Posted 30 сентября 2010,, 20:00

Published 30 сентября 2010,, 20:00

Modified 8 марта, 06:38

Updated 8 марта, 06:38

Наблюдательный, как пчеловод

Наблюдательный, как пчеловод

30 сентября 2010, 20:00
Александр КУШНЕР 1936, Ленинград

Счастливый человек, Александр Кушнер и в поэзии счастлив как никто.

Родившийся в семье военно-морского инженера, он с детства ушел в дальнее плавание по волнам русской литературы и постепенно из высококлассного читателя превратился в живого классика, превзойдя, с моей точки зрения, своего любимца Афанасия Фета по всем статьям. Не преувеличиваю – и по технике стиха, и по эмоциональности, хотя и сдерживаемой, как у Фета, но более подвижной и гибкой, да и по философии, гражданской и личностной, по вживанию в культуру других народов, где превалируют древние греки и англичане, но нашлось место и для итальянцев, французов, испанцев и даже американцев. Но он еще и блестящий эссеист, обнаруживающий тонкое литературоведческое понимание тех авторов, которыми он как читатель так влюбленно восхищается.

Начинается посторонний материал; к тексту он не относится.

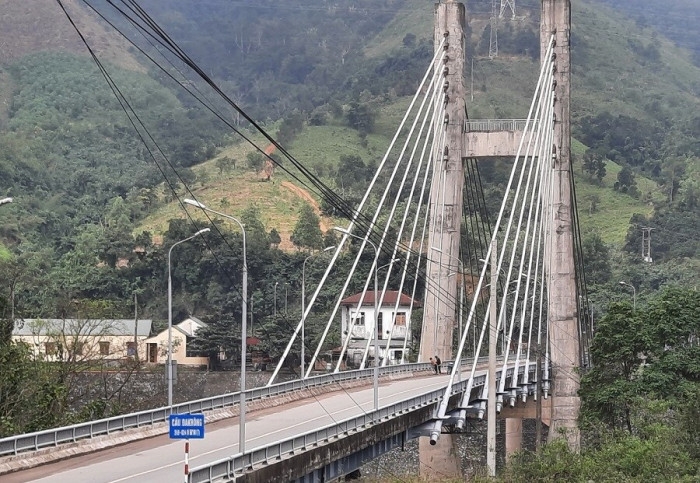 Cận cảnh cây cầu vòm 2 chiều độc đáo còn lại trên “đất lửa” Quảng Trị Cận cảnh cây cầu vòm 2 chiều độc đáo còn lại trên “đất lửa” Quảng Trị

Он осовремененный традиционалист, а завидное душевное здоровье защищает его и от разъедающего душу скептицизма, и от сентиментальной риторики выгодно выставляемого на продажу якобы бескорыстного псевдопатриотизма.

Кушнер не боится беспощадно, но не зло, а со сбалансированным чувством юмора анализировать недостатки даже своих литературных учителей, начиная с признанных классиков и не боясь тронуть самого неприкасаемого из них – Иосифа Бродского. Его он назвал тираноборствующим тираном, которого легче вообразить с имперским жезлом в руке, чем в лохмотьях Христа.

Кушнера иногда упрекают в отвлеченном мудрствовании, но мало кто мог написать такой блистательный набросок женщины, примеряющей новое платье:

«Мне весело: ты платье примеряешь, Примериваешь, в скользкое – ныряешь, В блестящее – уходишь с головой. Ты тонешь, западаешь в нем, как клавиш, Томишь, тебя мгновенье нет со мной. / Потерянно смотрю я, сиротливо. Ты ласточкой летишь в него с обрыва. Легко воспеть закат или зарю, Никто в стихах не трогал это диво: «Мне нравится», – я твердо говорю. / И вырез на спине, и эти складки. Ты в зеркале, ты трудные загадки Решаешь, мне не ясные. Но вот Со дна его всплываешь: всё в порядке. Смотрю: оно, как жизнь, тебе идет».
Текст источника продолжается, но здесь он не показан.